Mark Nickolas has done an interesting bit of research (posted Friday on DailyKos) simply by reading former DNC Chairman Terry McAuliffe’s book, What a Party! It seems Mr.McAuliffe held a very different opinion about the necessity of the party chairman holding firm to the Democratic party rules concerning the scheduling of primaries, and the penalties that were established to prevent states from moving their primaries ahead of New Hampshire’s.

The excerpt follows (McAuliffe is speaking first-person.):

“I’m going outside the primary window,” [Michigan Sen. Carl Levin] told me definitively.

“If I allow you to do that, the whole system collapses,” I said. “We will have chaos. I let you make your case to the DNC, and we voted unanimously and you lost.”

He kept insisting that they were going to move up Michigan on their own, even though if they did that, they would lose half their delegates. By that point Carl and I were leaning toward each other over a table in the middle of the room, shouting and dropping the occasional expletive.

“You won’t deny us seats at the convention,” he said.

“Carl, take it to the bank,” I said. “They will not get a credential. The closest they’ll get to Boston will be watching it on television. I will not let you break this entire nominating process for one state. The rules are the rules. If you want to call my bluff, Carl, you go ahead and do it.”

“We glared at each other some more, but there was nothing much left to say. I was holding all the cards and Levin knew it.”

Of course now, McAuliffe is chair of Hillary Clinton’s campaign for president, and has a more elastic view of the rules.

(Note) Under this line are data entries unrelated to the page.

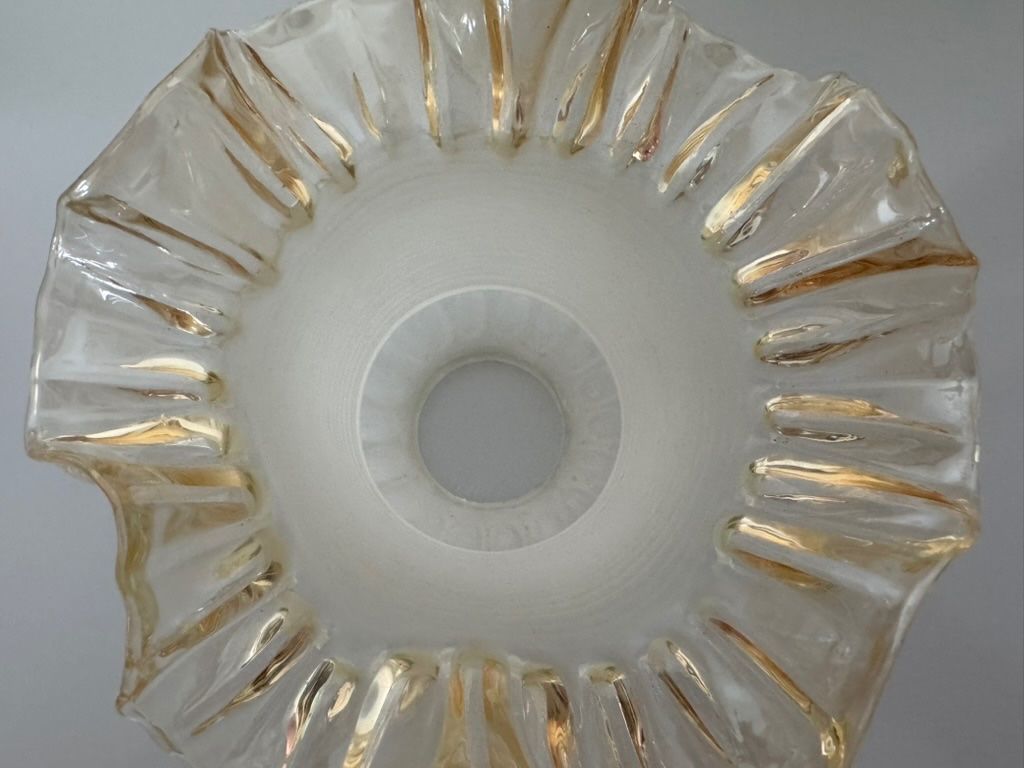 Paralumi: Jugendstil - Glas-Lampenschirm - opalweiss - goldgelb – Usato da Zürich venduto da Alot16 4
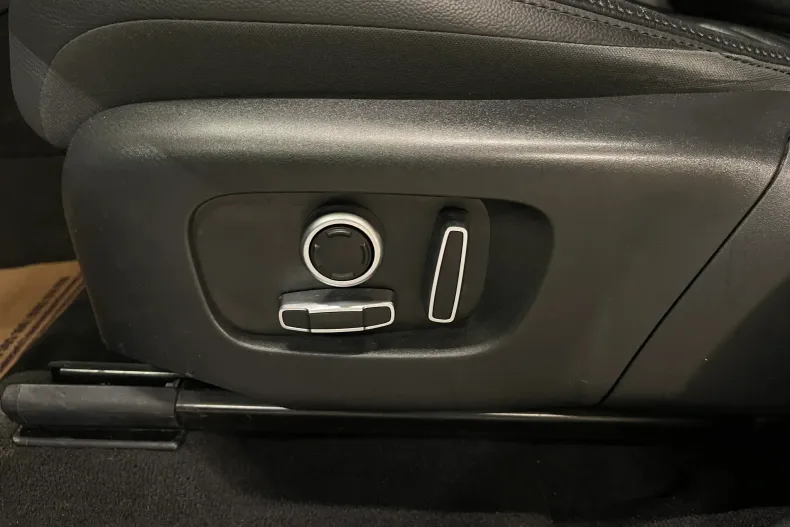 Land Rover Discovery Sport din 2021 cu 79.959 km - oferta LAN153199 - foto 24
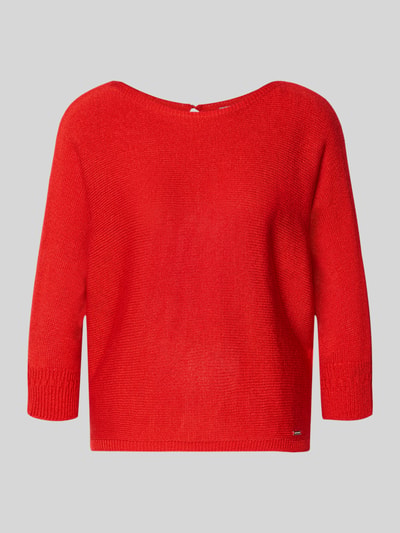 Produktfoto, czerwony Strickpullover mit U-Boot-Ausschnitt und Label-Detail von More & More, prosty krój, tekstura dzianiny
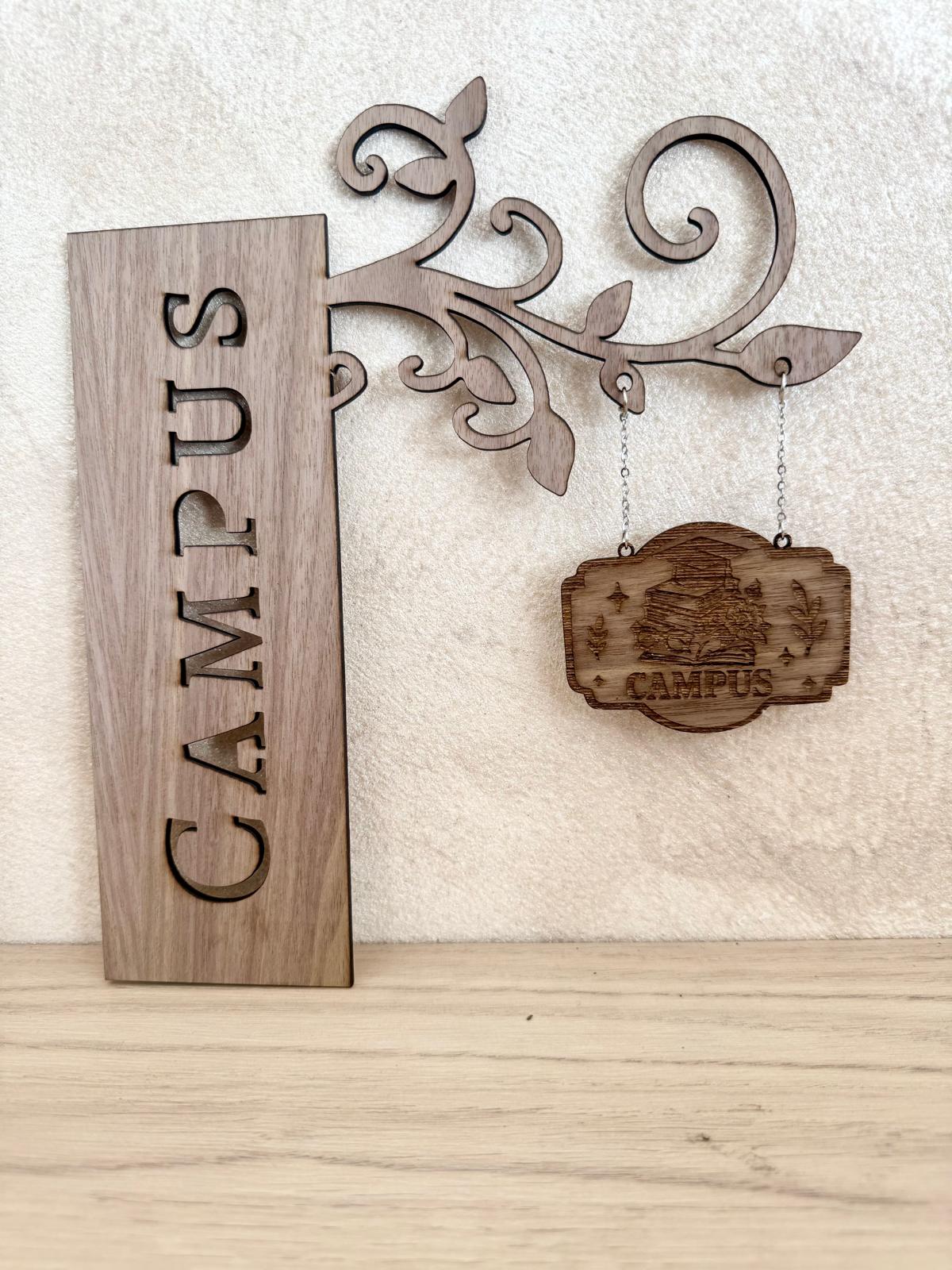 Séparateur de livres en bois gravé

One might call it even a more Clintonian view of the rules. Although Clinton agreed not to campaign in either state (both censured by the DNC, their delegations being disallowed by DNC rules), she left her name on the ballot in both Michigan and Florida, thereby “winning” the most votes. So let us imagine current DNC Chairman Howard Dean taking a page from McAuliffe’s book (page #325, to be exact) and telling him today, in no uncertain terms:

“Terry, take it to the bank. Michigan and Florida will not get a credential. The closest they’ll get to Denver will be watching it on television. The rules are the rules.”